___ Data below ___

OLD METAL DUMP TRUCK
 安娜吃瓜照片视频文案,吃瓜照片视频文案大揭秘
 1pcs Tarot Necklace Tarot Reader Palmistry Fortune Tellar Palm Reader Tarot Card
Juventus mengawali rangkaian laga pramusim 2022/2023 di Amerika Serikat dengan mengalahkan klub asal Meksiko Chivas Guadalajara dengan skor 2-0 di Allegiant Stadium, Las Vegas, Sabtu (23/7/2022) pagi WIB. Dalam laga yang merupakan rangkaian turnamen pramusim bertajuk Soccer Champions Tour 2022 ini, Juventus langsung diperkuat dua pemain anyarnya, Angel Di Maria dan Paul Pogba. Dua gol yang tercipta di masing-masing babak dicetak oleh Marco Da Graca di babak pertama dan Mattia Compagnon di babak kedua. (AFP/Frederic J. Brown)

___

**Problem statement**
Reproduce the listing above exactly as far as the line with "1pcs Tarot Necklace", that line included.

**Task answer**
OLD METAL DUMP TRUCK
 安娜吃瓜照片视频文案,吃瓜照片视频文案大揭秘
 1pcs Tarot Necklace Tarot Reader Palmistry Fortune Tellar Palm Reader Tarot Card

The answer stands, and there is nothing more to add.